:: Input for this task
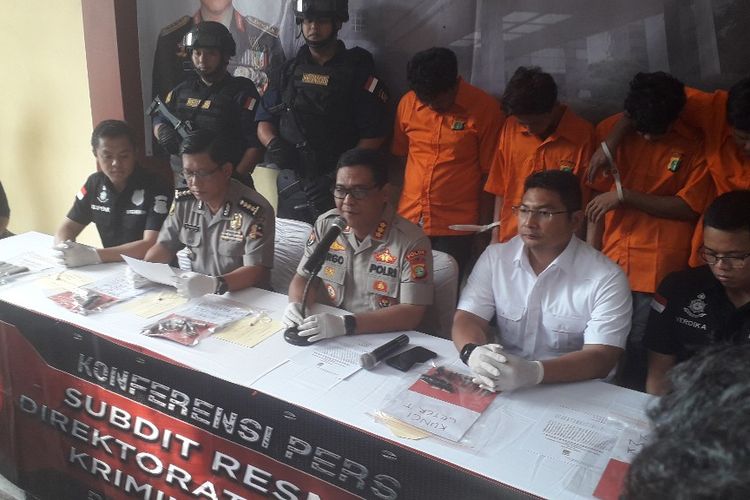 Konferensi pers pengungkapan kasus curanmor di RS Polri Kramat Jati, Selasa (30/4/2019).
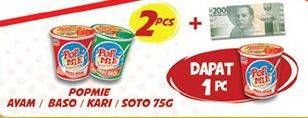 Promo Harga INDOMIE POP MIE Instan Ayam, Baso, Kari Ayam, Soto Ayam per 2 pcs - Indomaret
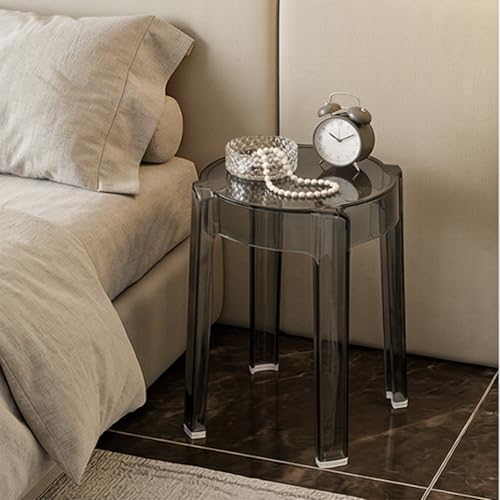 Image of The Artment your artistic apartment Smoke Grey Color CrystalNest Transparent Acrylic Stackable Round Accent Stool, Modern Side Stool for Living Room, Bedroom and Home & Office (Set of 6)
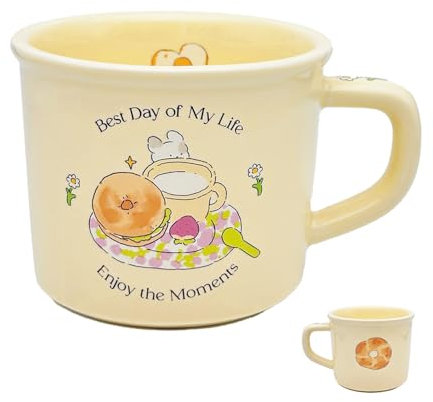 TREEWOO Taza de café Kawaii, diseño de conejito de dibujos animados, 380 ml, cerámica, color pastel cremoso, para leche, té, café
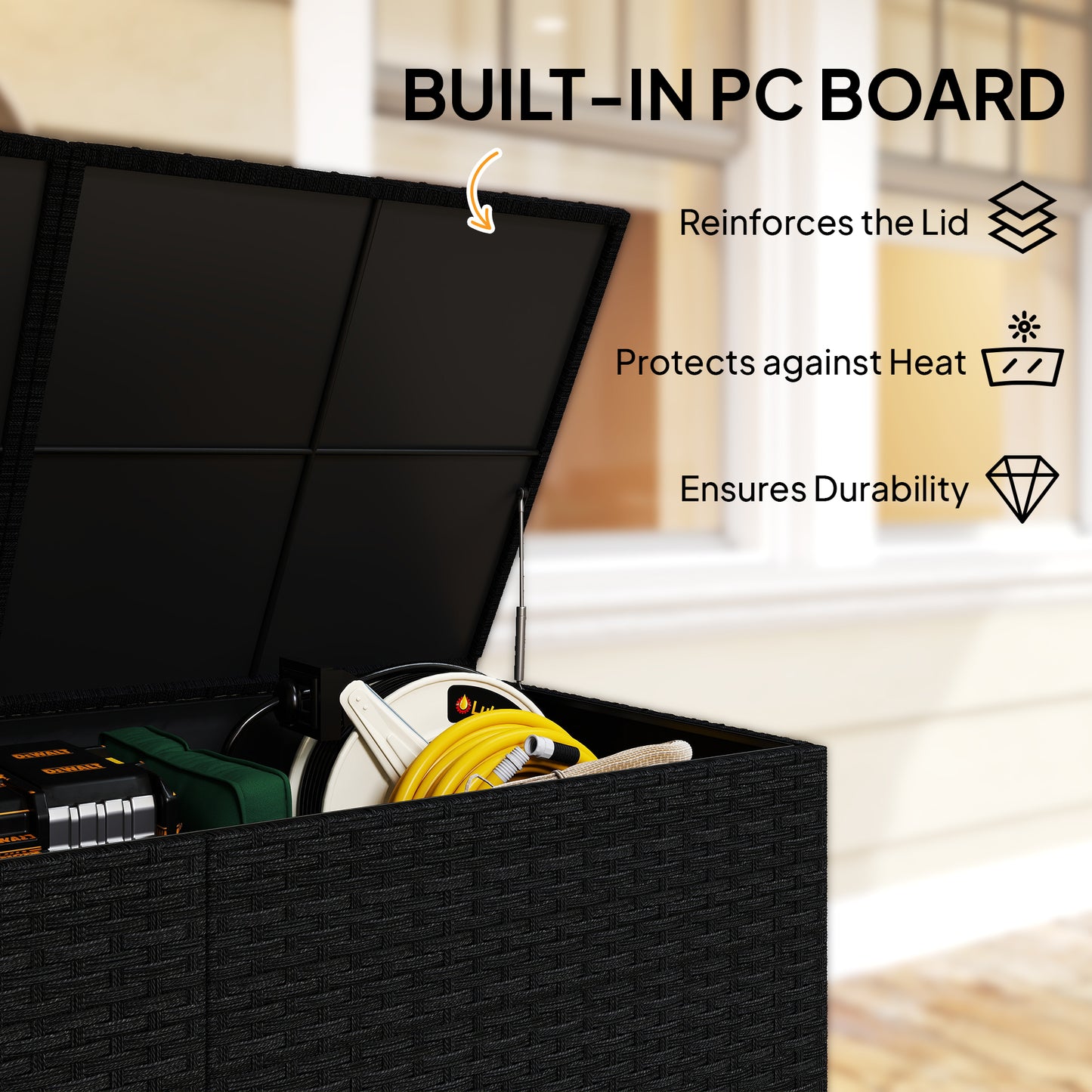 650L Garden Storage Box with 2 Wheels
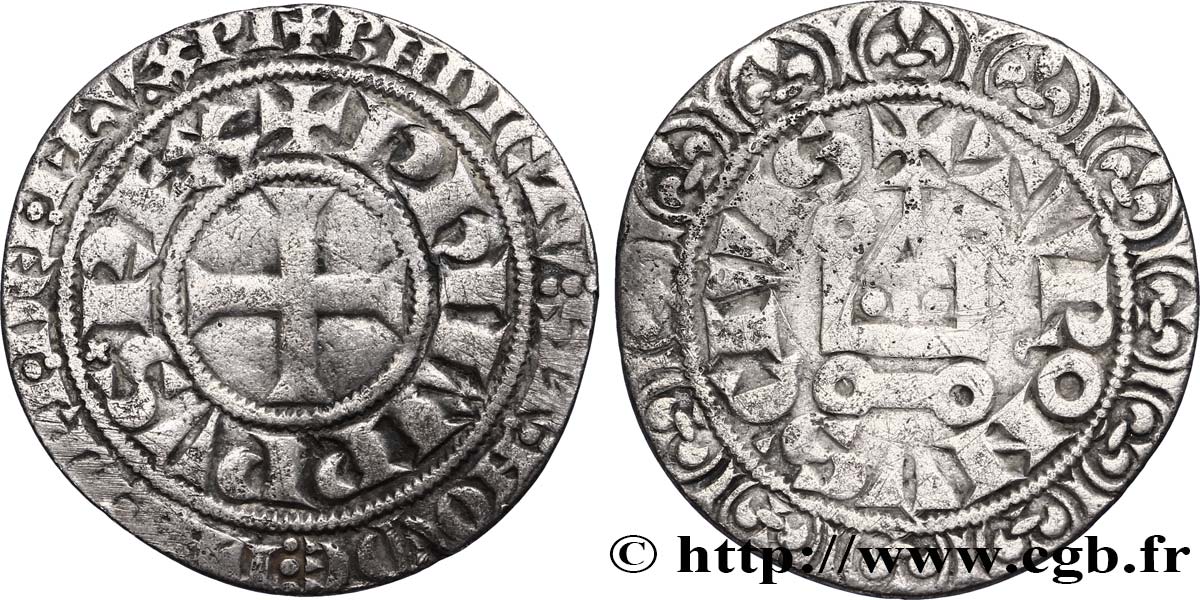 PHILIPPE IV LE BEL Gros tournois à l O rond n.d. s.l. TB+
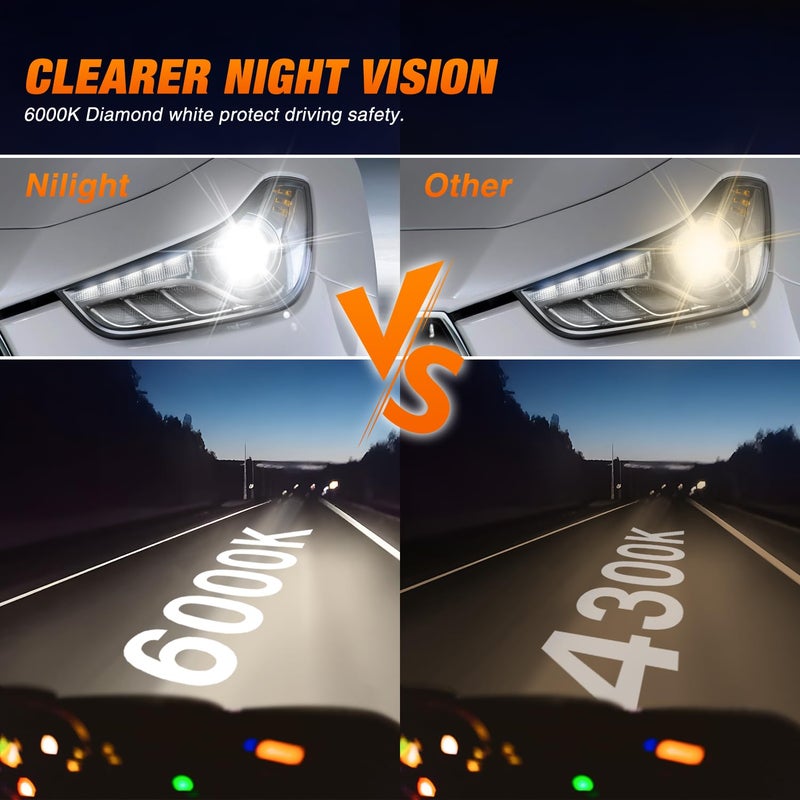 Nilight D3S HID Headlight Bulbs, Super Bright D3S HID Bulb 6000K Diamond White High Low Beam HID Xenon Bulbs Replacement, 2-Pack - Image 3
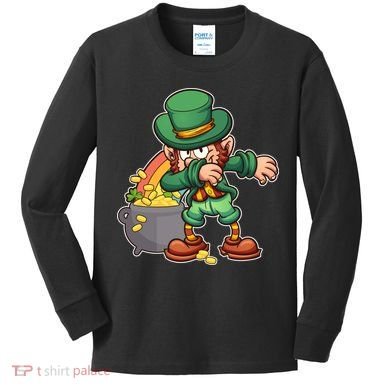 St Patricks Day Dabbing Leprechaun Pot Of Gold Kids Long Sleeve Shirt
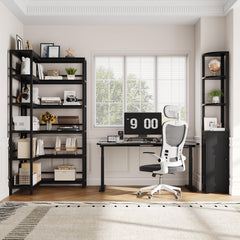 L-Shaped Corner Bookshelf with Cabinet, 6-Tier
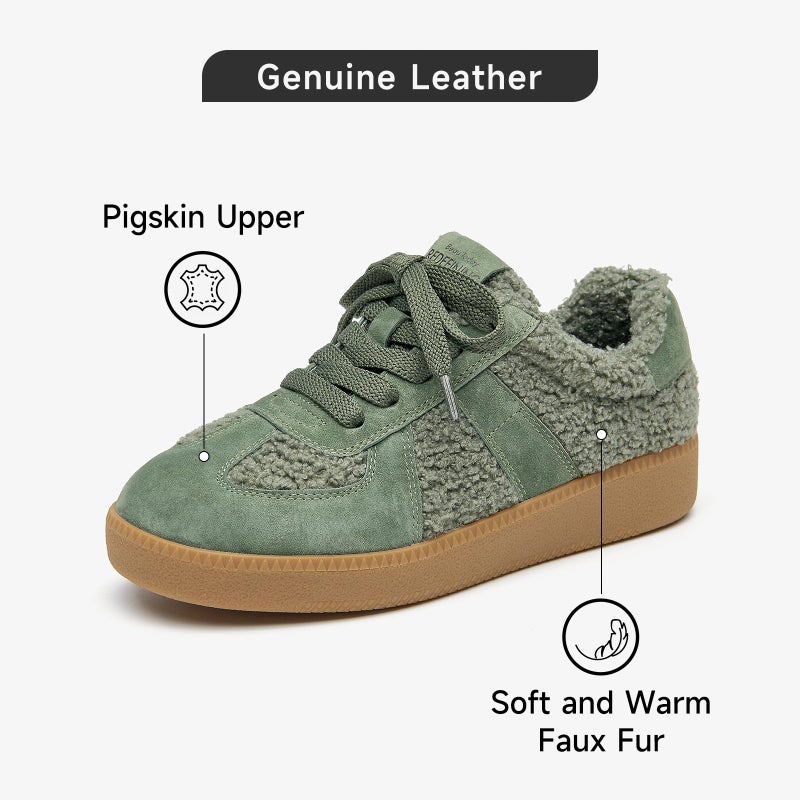 BEAU TODAY Fur Lined Sneaker Boots for Women,Winter Shoes for Women,Slip-on Platform Leather Retro OG Sneakers,Comfortable Tennis Runnig Trainer Shoes Green US 8 - Image 3
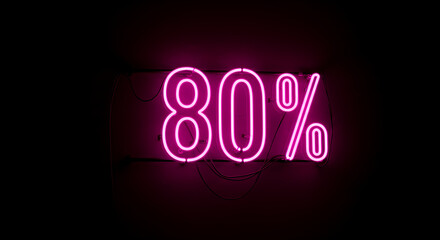 Eighty Percent Off Glowing Pink Neon Sign Against Black Backdrop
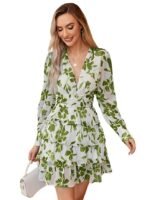 Women’s V-Neck Floral Print Ruffle Long Sleeve A-Line Mini Dress | Elegant Casual Party Outfit | Lightweight Layered Summer Wear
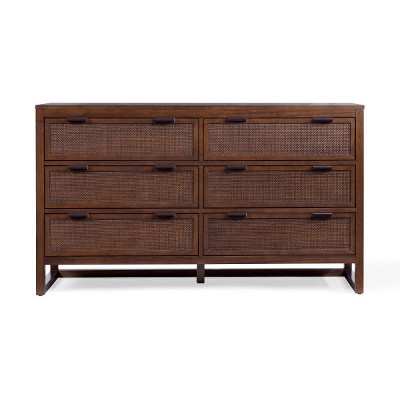 Teamson Home Hatteras Dresser with 6 Rattan Inset Drawers, Faux Leather Pulls & Deep Storage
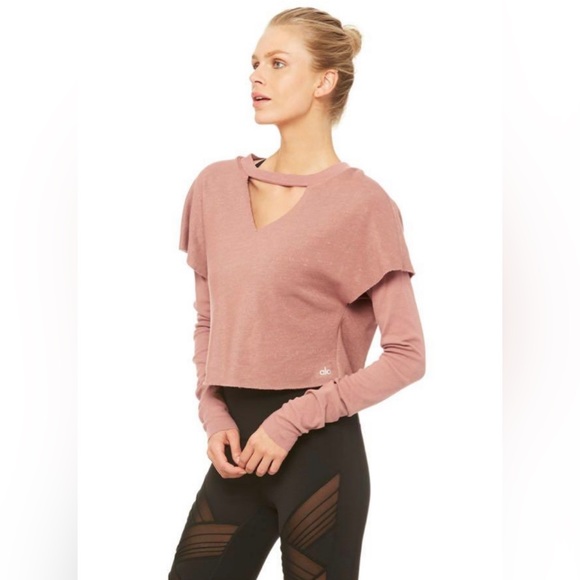 (SOLD) Alo Yoga long sleeve top, mauve (M/L) - Picture 2 of 5
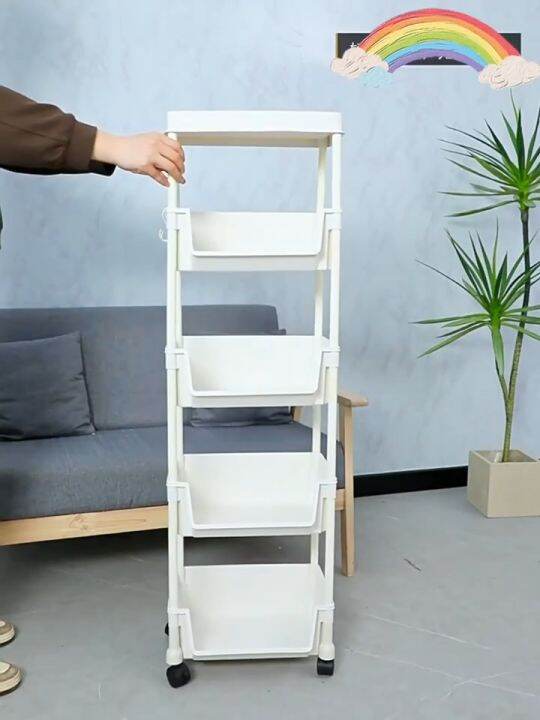 AVINAS 4 Layer Book Shelf Under The Table Trolley Cart Moving Rack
::::
What belongs in the answer is each line above, reproduced exactly, and no picture.

» Solution to this problem
 Konferensi pers pengungkapan kasus curanmor di RS Polri Kramat Jati, Selasa (30/4/2019).
 Promo Harga INDOMIE POP MIE Instan Ayam, Baso, Kari Ayam, Soto Ayam per 2 pcs - Indomaret
 Image of The Artment your artistic apartment Smoke Grey Color CrystalNest Transparent Acrylic Stackable Round Accent Stool, Modern Side Stool for Living Room, Bedroom and Home & Office (Set of 6)
 TREEWOO Taza de café Kawaii, diseño de conejito de dibujos animados, 380 ml, cerámica, color pastel cremoso, para leche, té, café
 650L Garden Storage Box with 2 Wheels
 PHILIPPE IV LE BEL Gros tournois à l O rond n.d. s.l. TB+
 Nilight D3S HID Headlight Bulbs, Super Bright D3S HID Bulb 6000K Diamond White High Low Beam HID Xenon Bulbs Replacement, 2-Pack - Image 3
 St Patricks Day Dabbing Leprechaun Pot Of Gold Kids Long Sleeve Shirt
 L-Shaped Corner Bookshelf with Cabinet, 6-Tier
 BEAU TODAY Fur Lined Sneaker Boots for Women,Winter Shoes for Women,Slip-on Platform Leather Retro OG Sneakers,Comfortable Tennis Runnig Trainer Shoes Green US 8 - Image 3
 Eighty Percent Off Glowing Pink Neon Sign Against Black Backdrop
 Women’s V-Neck Floral Print Ruffle Long Sleeve A-Line Mini Dress | Elegant Casual Party Outfit | Lightweight Layered Summer Wear
 Teamson Home Hatteras Dresser with 6 Rattan Inset Drawers, Faux Leather Pulls & Deep Storage
 (SOLD) Alo Yoga long sleeve top, mauve (M/L) - Picture 2 of 5
 AVINAS 4 Layer Book Shelf Under The Table Trolley Cart Moving Rack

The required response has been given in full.